Kernel Density Estimation#


Marc Steiner; Jonas Eschle

An introduction to Kernel Density Estimations, explanations to all methods implemented in zfit and a throughout comparison of the performance can be found in Performance of univariate kernel density estimation methods in TensorFlow by Marc Steiner from which many parts here are taken.

Estimating the density of a population can be done in a non-parametric manner. The simplest form is to create a density histogram, which is notably not so precise.

A more sophisticated non-parametric method is the kernel density estimation (KDE), which can be looked at as a sort of generalized histogram. In a kernel density estimation each data point is substituted with a so called kernel function that specifies how much it influences its neighboring regions.
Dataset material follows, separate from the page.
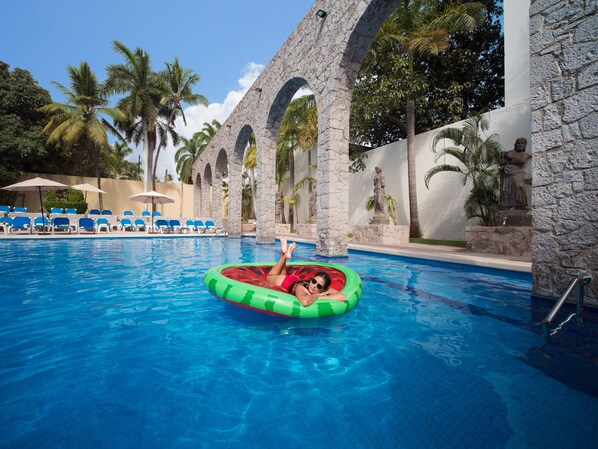 Una piscina al aire libre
This kernel functions can then be summed up to get an estimate of the probability density distribution, quite similarly as summing up data points inside bins.
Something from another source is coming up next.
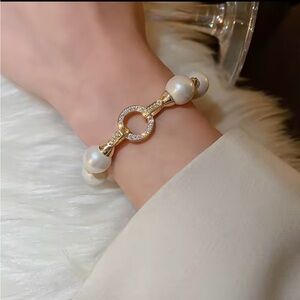 Elegant Pearl & Gold Toggle Bracelet – Light Luxury Style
However, since the kernel functions are centered on the data points directly, KDE circumvents the problem of arbitrary bin positioning. Since KDE still depends on kernel bandwidth (a measure of the spread of the kernel function) instead of bin width, one might argue that this is not a major improvement. Upon closer inspection, one finds that the underlying PDF does depend less strongly on the kernel bandwidth than histograms do on bin width and it is much easier to specify rules for an approximately optimal kernel bandwidth than it is to do so for bin width.

Given a set of \(n\) sample points \(x_k\) (\(k = 1,\cdots,n\)), an exact kernel density estimation \(\widehat{f}_h(x)\) can be calculated as

(1)#\[\widehat{f}_h(x) = \frac{1}{nh} \sum_{k=1}^n K\Big(\frac{x-x_k}{h}\Big)\]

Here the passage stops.